Help. Our contractor’s lic. electrician is telling us that since we are doing a full upgrade of our electric in our bldg that we must install an electrical outlet on the facade of our bldg. This seems nuts for so many reasons we are wondering if it’s true. Our architect says she’s never heard of it. But she says it still could be true. We don’t want to do this because it will be ugly on a nice, historic brick bldg, it is a danger to have live electric outdoors in an unsupervised space, anybody could come by and tap in. Although we would gladly do it if we could also get a guaranteed parking spot and then we could buy an electric car and charge up and make Al Gore happy. But I digress. I just don’t want this outlet. Anybody know a way around it? Thanks.


Comments

  1. This really is in the code. There are five legal options:

    1/ Get an exemption because you are in a historic district.

    2/ Install it somewhere hidden from view. Under the stairs maybe?

    3/ Don’t do it and pay any fine, then sue the city to recover the fine and remove the DOB violation. Being in a historic district is key to this, and it would help if you first try to get an exemption based on this status.

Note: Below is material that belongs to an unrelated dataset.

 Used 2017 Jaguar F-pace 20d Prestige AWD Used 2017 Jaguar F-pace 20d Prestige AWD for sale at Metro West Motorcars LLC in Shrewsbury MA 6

    4/ Forget about the big electrical upgrade and do the upgrade piecemeal over a number of years.

    5/ Convince some city council members to change the code.

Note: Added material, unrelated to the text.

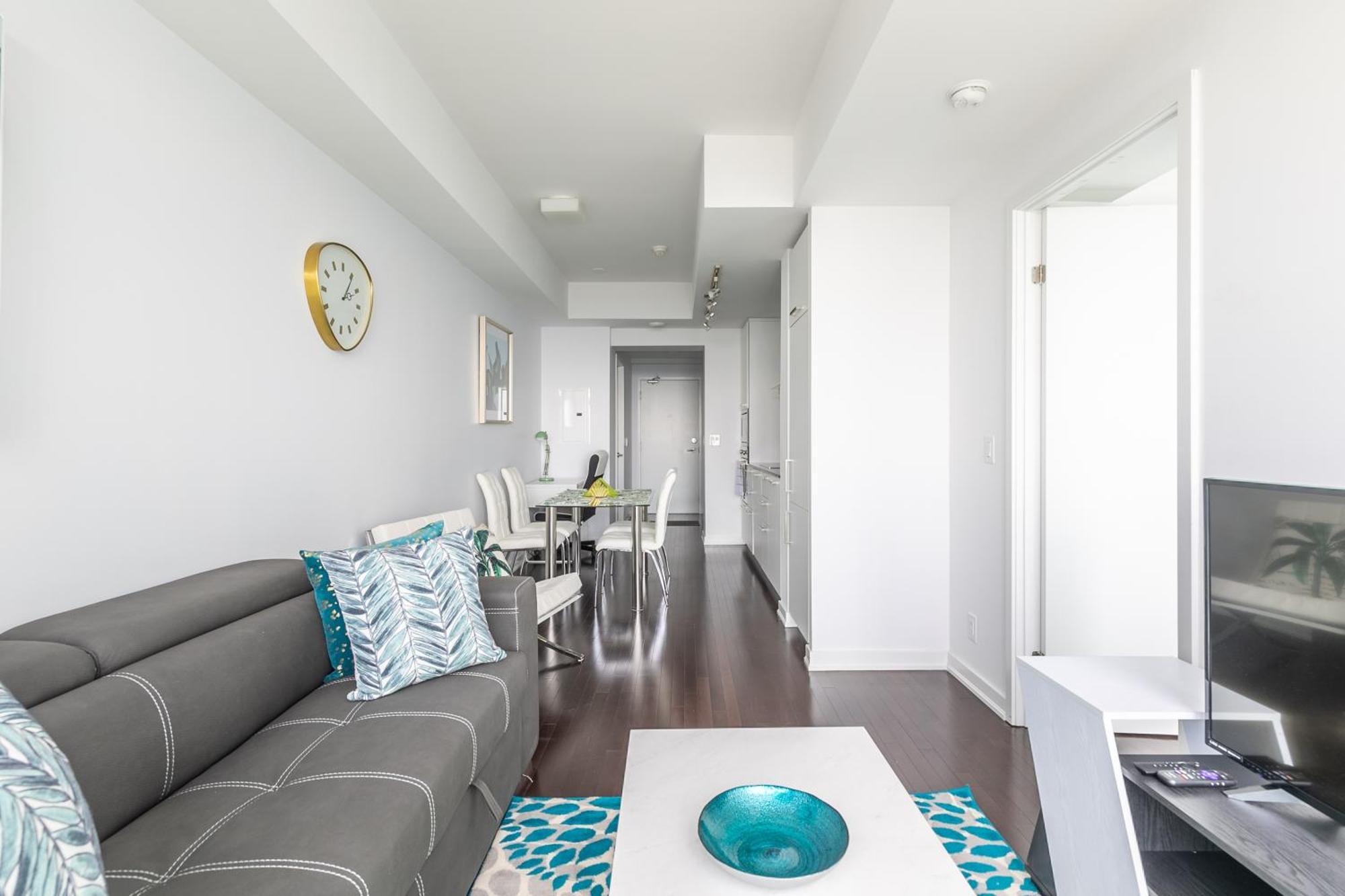 Marvelous In The Heart Of Apartment Toronto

    As for stealing electricity, you can put the outlet on a switch, or it’s own circuit breaker. If you can do it, option #2 is probably the cheapest route. Option #1 is probably the most desirable, but will require some sweet talking and a lot of time on your part.

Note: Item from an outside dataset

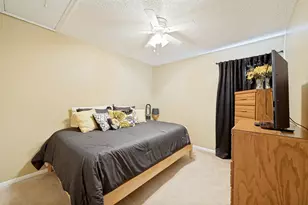 5651 Centeridge Dr, Dallas, TX 75249 - Photo 15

    I would love to have a back of the house outlet, but for my 30 inches of concrete front lawn a front outlet is beyond useless so I feel your annoyance.

  2. The covers that lock are ugly. And at least the water meters can be low. I’m guessing that code will make it a min. height from the ground for the outlet cover as well. Double ugly.

  3. Re: “black box for reading the meter”, these are NOT required in NYC Historic Districts, although you may have to fight Con Ed to avoid one. OTOH, a front outlet, if it could be unobstrusively placed, would be great IMO–I wish I had one. I had an outlet installed on my rear wall several years ago and it sure beats running an extension cord out the window.

  4. and what are people going to do, run extension cords to their house? iron their clothes in your front yard? charge their ipods? seriously, what are people going to do to “steal” your electricity?

    like the first person said, get a cover that locks.

  5. You can ask your electrician to install a switch inside that will control the outdoor outlet.
    BTW if you don’t like the idea of an ‘ugly’ box on the exterior wait until you see the black box for reading the meter. It will be install without your consultation exactly where you don’t want it. It was so ugly my dog ate it.